Desafios e avanços na implementação da história afro-brasileira nas escolas
A urgência de enfrentar o racismo estrutural nas escolas é destacada pelos relatos de educadores
Há mais de vinte anos, a Lei 10.639/2003 estabeleceu a obrigatoriedade do ensino da história e cultura afro-brasileira nas escolas brasileiras. Entretanto, duas décadas depois, a aplicação dessa legislação ainda enfrenta barreiras significativas. Enquanto metade das escolas desenvolveu projetos relacionados às relações étnico-raciais entre 2019 e 2021, apenas 0,92% dos professores possuem formação adequada sobre o tema. Além disso, menos de 15% dos gestores escolares relatam ter acesso a materiais pedagógicos apropriados.
A secretária de Educação Continuada, Diversidade e Inclusão do Ministério da Educação (MEC), Zara Figueiredo, aponta a falta de coordenação entre as diferentes redes de ensino como um dos maiores entraves. A dimensão continental do Brasil e suas desigualdades regionais agravam o desafio de implementar políticas consistentes e abrangentes. No entanto, há um esforço renovado para mudar esse cenário com a recém-lançada Política Nacional de Equidade, Educação para as Relações Étnico-raciais e Educação Escolar Quilombola.

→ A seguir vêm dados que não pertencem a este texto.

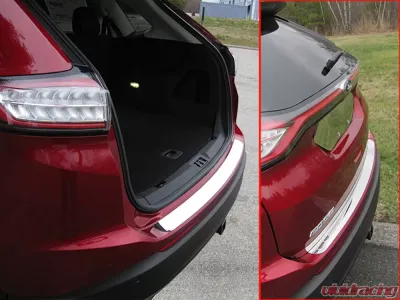 Quality Automotive Accessories 1-Piece Stainless Steel Rear Bumper Trim Accent Ford Edge 4-Door SUV 2015-2018 - RB55610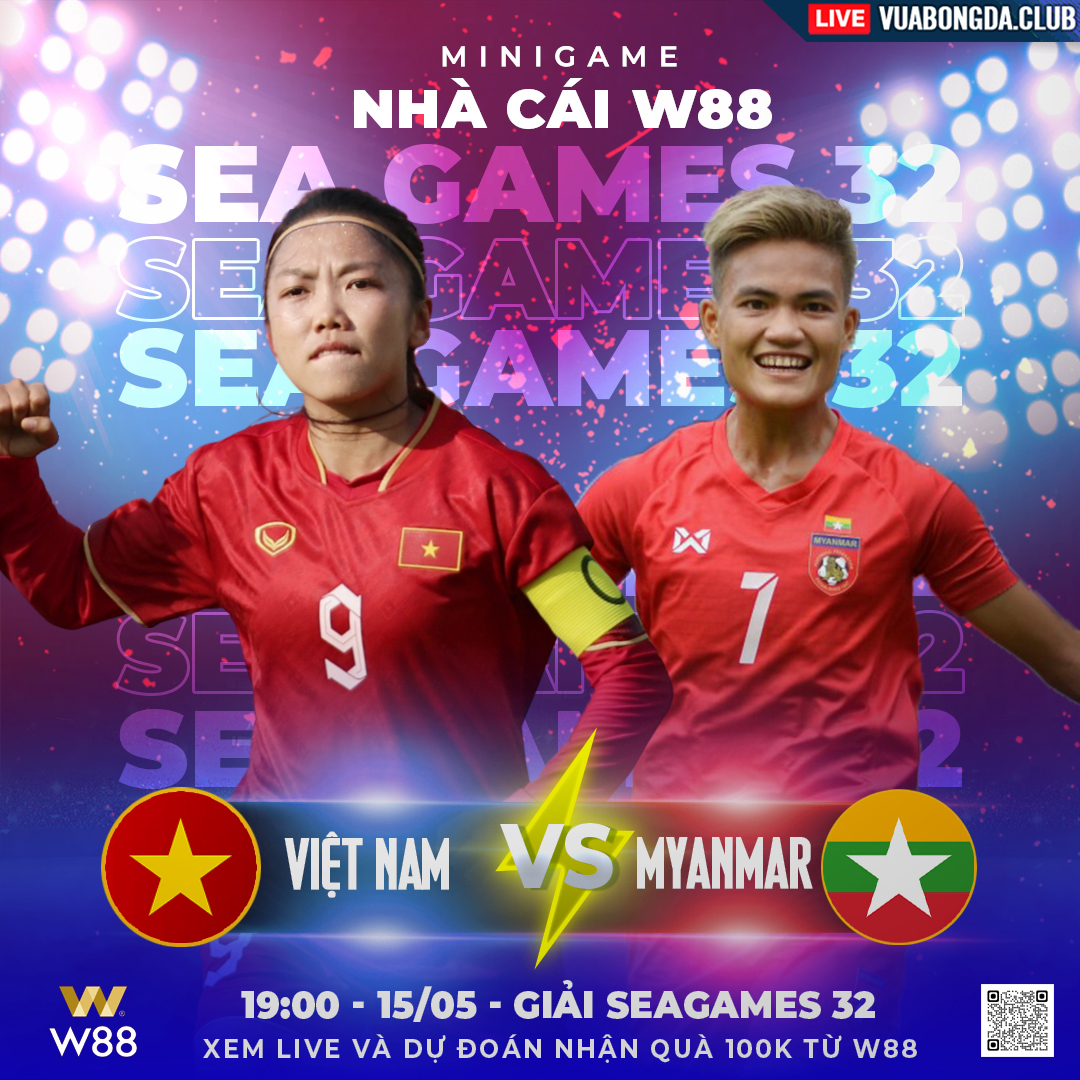 You are currently viewing [W88 – MINIGAME] VIỆT NAM – MYANMAR | CHUNG KẾT BÓNG ĐÁ NỮ SEAGAMES 32 | HY VỌNG LẬP KỶ LỤC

Entre as ações já implementadas pelo MEC em 2023 estão 215 mil vagas de formação para professores e o envio de livros com conteúdos antirracistas para diversas redes de ensino. Segundo Figueiredo, essas medidas buscam dar o suporte necessário para que escolas promovam uma educação que reconheça e valorize a história e a cultura afro-brasileira de maneira transversal no currículo escolar.
A urgência de enfrentar o racismo estrutural nas escolas é destacada pelos relatos de educadoras como Gina Vieira, Keila Vila Flor e Paula Janaína. Elas compartilharam experiências de discriminação vividas na infância, reforçando o impacto duradouro do racismo no ambiente escolar. Esses episódios vão desde castigos desproporcionais até segregação implícita em salas de aula.

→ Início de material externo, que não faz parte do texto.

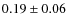 $0.19 \pm 0.06$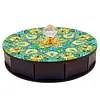 Mandala Diamond Painting Storage Box Wooden Round Jewelry Case with Lid Kits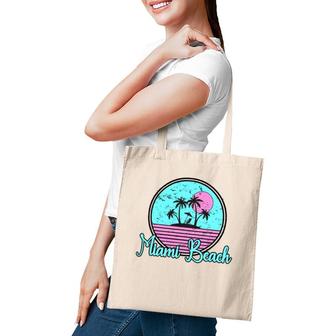Miami Beach South Beach Florida Fl Souvenir Gift Tote Bag | Mazezy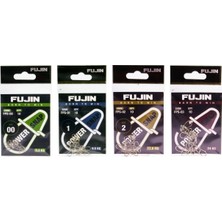 Fujin Power Snap Size:2 Klips 10'lu Paket 17.8 kg Çeker Değeri ile Güvenilir Balıkçılık Ekipmanı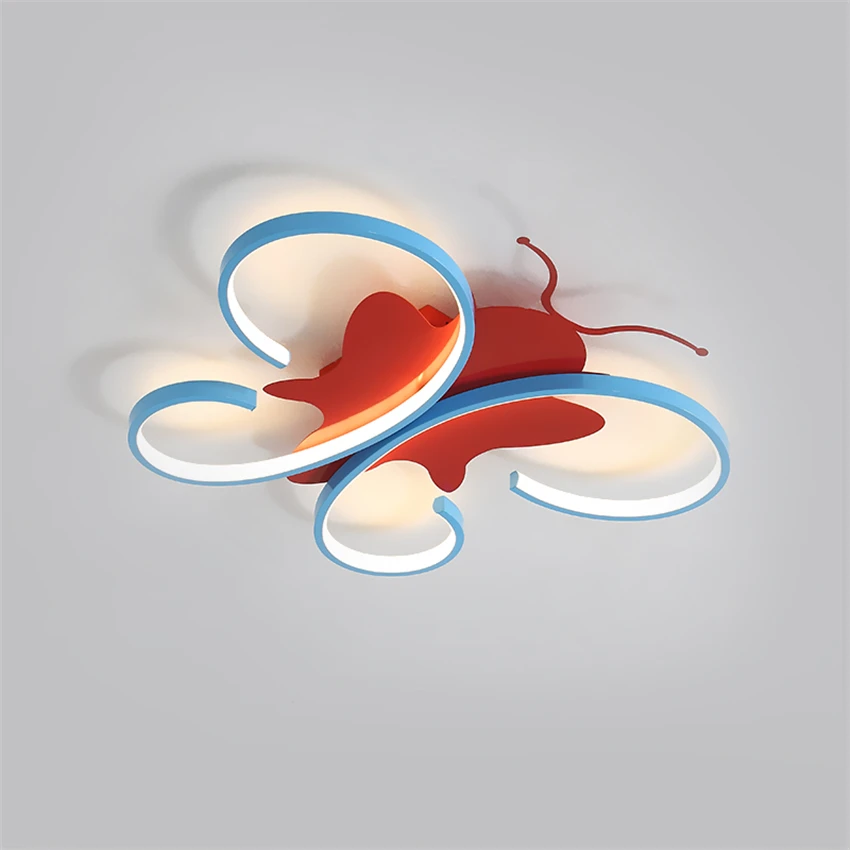 Светодиодные потолочные светильники с железной бабочкой современная спальня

Apesar dos desafios, há iniciativas que apontam caminhos promissores. Em Brasília, o projeto Cresp@s & Cachead@s trabalha para recuperar a autoestima de estudantes negros, enquanto a escola Maria Felipa, em Salvador, adota um modelo pedagógico que equilibra o ensino das culturas africana, indígena e europeia em igualdade. Para a idealizadora Bárbara Carine, é essencial incorporar a contribuição africana em disciplinas como matemática e ciências, rompendo com uma visão eurocêntrica do conhecimento.
O escritor Jeferson Tenório, vencedor do Prêmio Jabuti, também reforça a importância de discutir o racismo nas escolas. Para ele, a educação deve transcender as disciplinas tradicionais e se tornar um espaço de responsabilidade ética e social. “Não há democracia enquanto houver racismo”, afirma.
Embora o caminho para a plena implementação da Lei 10.639/2003 ainda seja longo, iniciativas locais e nacionais demonstram que avanços são possíveis. A mudança exige esforço coletivo, mas o impacto de uma educação antirracista transcende as salas de aula, contribuindo para uma sociedade mais justa e inclusiva.